語録&解説
第2話 さぼっている鳥居ミツをやる気にさせる面川清次
「不満だろうと思っていた」 「すぐいくわよ」 「いいんだ。掃除なんかのために来てもらったわけではないし。ただ、すぐにはやる気がでないと言ってたし、特別扱いはしてもらいたくないと言ってたし、それでみんなと一緒の仕事をしてもらっていた」 「それでいいわよ」 「そうだね、ぼくの方がじれていてね」 「・・・・」 「君に来てもらったことが僕の自慢なんだ。どうだ、こんな有能な人間に来てもらったんだぞと、みんなに早く自慢したいんだ」 「どうかしらね」 「そうだよ。現に昨日だって、みんなに言おうとしたんじゃないか。君が、歯の浮くようなことを言うなっていうからやめたんだ」 「本当のことだけを言うなら止めはしないわよ」 「そりゃそうだ」 「どうってことないウエイトレスまで綺麗だのなんだの調子の良いこと言うから、私のとき何を言われるかゾッとしたのよ。私、お世辞きらいだからね」 「そうか」
「あのウエイトレス、きれいだからと言われたもんだから甘ったれて、ネズミくらいできゃーきゃー人を集めてさ」 「どうだい、みんなを驚かせてやろうじゃないか。君が凄い人だってところを見せてやろうじゃないか」 「そんなこと言って働かせようったって駄目よ」 「そうじゃないさ」 「だって現に困ってるんでしょ」 「困ってはいる。しかし、無理に働かせようとは思わない。だいじな人だからね」 「そんなことみんなに言ってるんでしょ」 「言ってないさ」 「わかってる、みんなに美味しいこと言って、君が一番だいじなひとだとか言って連れてきたくせに」 「僕は悔しいだけだよ。
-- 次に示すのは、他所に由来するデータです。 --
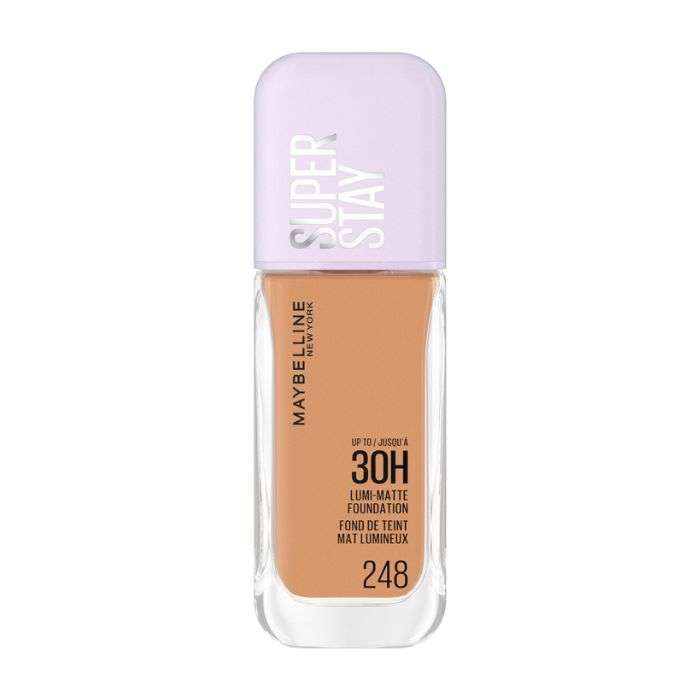 MAYBELLINE SUPERSTAY 30H LUMI MATTE FOND DE TEINT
さっきね、誰とは言わないけれど、ミツさんて、どんな特技があるのって聞かれた」 「あのウエイトレスでしょ」 「そうじゃない」 「じゃあ、あのバーテンよ、人にマットレス早くはこべって偉そうに」 「君の能力を知らないからだよ。僕は悔しかったよ。ミツさんには、君たちが、とうてい適わない能力があるんだって言いたかったんだ」 「本当にそう思うなら話せばいいじゃない」 「口で言うより見せたいんだ」 「うまいこと言うわね」 「実はね、みんなを集めている」 「みんなを?」 「呼べばみんなが集まることになっている」 「みんなに君の力を見せたいんだよ」 「ぐつぐつ言い出しているのがいるんでしょ」 「それもある。しかしね、君がただの怠け者みたいに思われるのが辛いんだ。史郎君、みんなを集めてくれ」 「いやね、私、自慢たらしくやるのは嫌なの」 「君は自然でいいんだ、みんながビックリする顔が見たいんだ」
「条件があるわ」 「あのウエイトレスのことは冬子ちゃんといって、私だけにミツさんというのは、不公平だわ」 「君に敬意をはらっているんだよ」 「同じにして」
解説
ネガティブでさぼってばかり。集めたスタッフの中でも一番反抗的で、無愛想で、感じの悪い鳥居ミツを、どうやって、やる気にさせたかという点が興味深いですね。どうやったら人間をやる気にさせるかという点で参考になるシーンです。私もヘルパーさんのやる気を出させるために、参考にさせてもらっています。